Basic Lie Detector

With this machine, the truth will never escape you! As long as you can make your subject hold a moisture sensor for a while.

This tutorial was contributed by Samuel Ong from Raffles Institution.

Step 0 – Pre Build Overview

In this project, we will create a simple lie detector machine, which works by measuring the electrical conductivity of our skin. Upon feeling nervous, our skin’s electrical conductivity will increase, and the moisture sensor can pick up on that. This allows us to determine if a person is telling the truth or not.

MATERIALS: 1 x BBC micro:bit, 1 x Micro USB cable, 1 x Breakout board, 1 x Octopus LED, 1 x Moisture Sensor


  • Get to know the Octopus LED and Soil Moisture Sensor
  • Learn basic statistics
  • Make something using the moisture sensor

Step 1 – Components

First of all, plug in the soil moisture sensor. Ensure the colours match and take note of what pin you plug them into as it will be relevant later.

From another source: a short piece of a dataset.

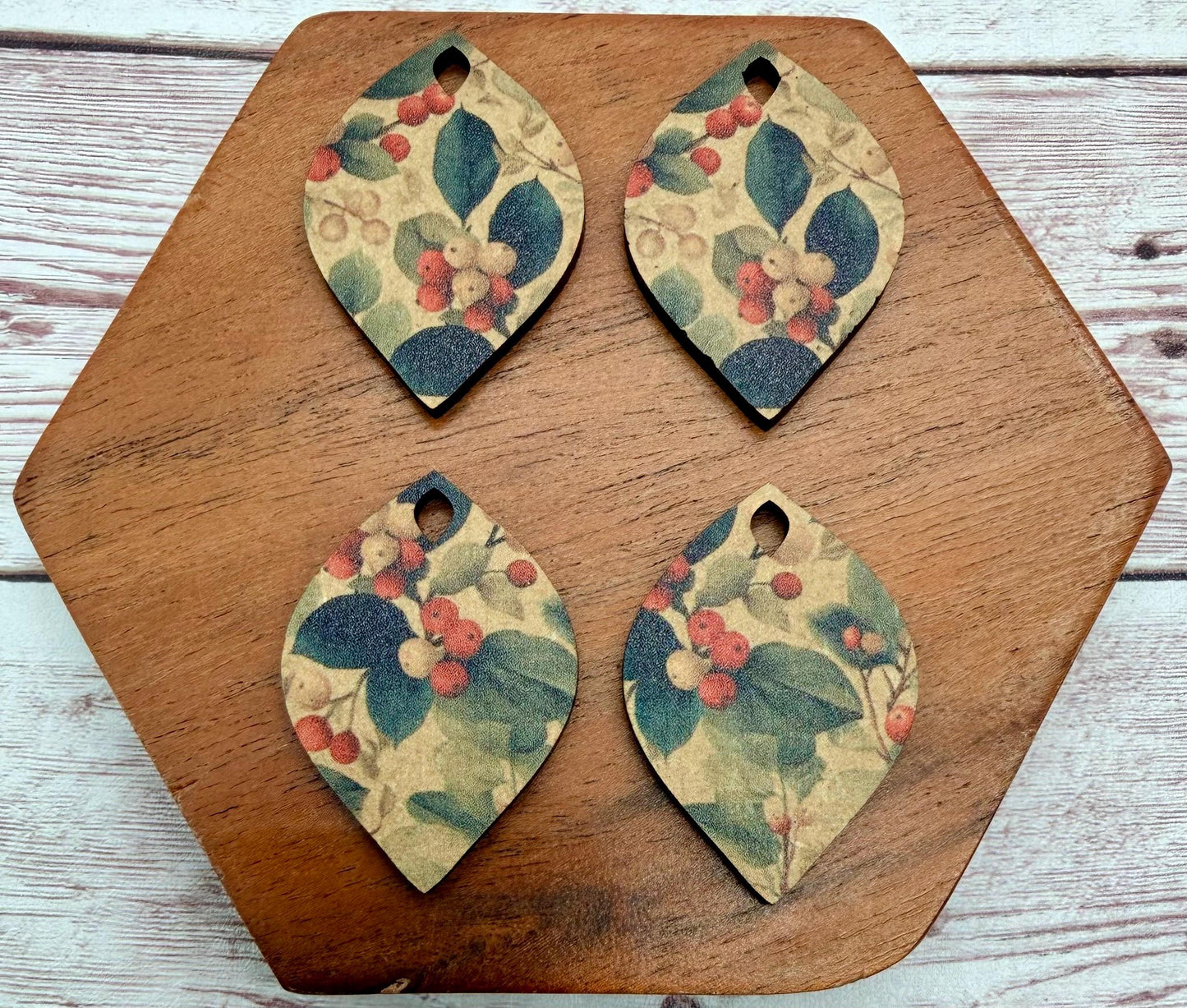 Patterned Winter Leaves and Berry Print Wood Earring Blanks, Christmas, Holiday, DIY Jewelry Making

Next, plug in the Octopus LED. Any of the three slots should do.

Step 2 - Pre-coding

We'll need to add a package of code to be able to use our kit components. Click on Advanced in the Code drawer to see more code sections and look at the bottom of the Code Drawer for Add Package.

This will open up a dialog box. Do a search for tinkercademy or just tinker. Click on the search icon  or press enter, then click on tinkercademy-tinker-kit.

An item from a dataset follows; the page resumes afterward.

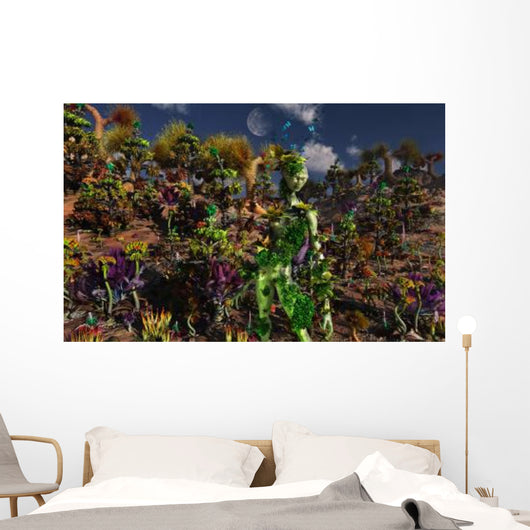 Alien Being Blending into Wall Decal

Note: If you get a warning telling you some packages will be removed because of incompatibility issues, either follow the prompts or create a new project in the Projects file menu.

Click on Tinkercademy or OLED inside the Code Drawer to find our custom blocks for the various components in your kit

Step 3 – Coding

First of all, initialise the OLED using blocks in the OLED section as shown in the picture

This part of the code allows the soil moisture sensor to measure and record down the electrical conductivity between the two fingers every few seconds for about a minute. Then, it calculates the average. This is the “calm” value, when the user has not told any lies.

This part of the code calculates the standard deviation of the readings obtained in that first minute. The standard deviation indicates how varied the readings were. A larger standard deviation means more variance in the readings. The “Math.sqrt” block square roots the given value and was added in Javascript.

After the initial readings have been made and recorded, the moisture sensor now measures the average electrical conductivity over five seconds. If it is higher than the average added to the standard deviation, we can conclude that the user has an abnormally high electrical conductivity and is thus lying. Then, the LED screen would show an “X”shape.


Step 4: Using It

First of all, you will have to attach your each prong of the soil moisture sensor to one of your fingers. Personally, I found that using rubber bands was a simple and effective way to do so. You can experiment with different methods, such as using crocodile clips or tape.

Now, turn on the device. The device will record the electrical conductivity of your skin under calm circumstances. Then, it will give the average value and its standard deviation.

After the initial readings have been made, ask away! Should the person lie, he will become nervous and the device can pick up on that, resulting in a cross being displayed.

Step 5 – Success!

Voila! Now you can tell truth from lies with ease using this machine.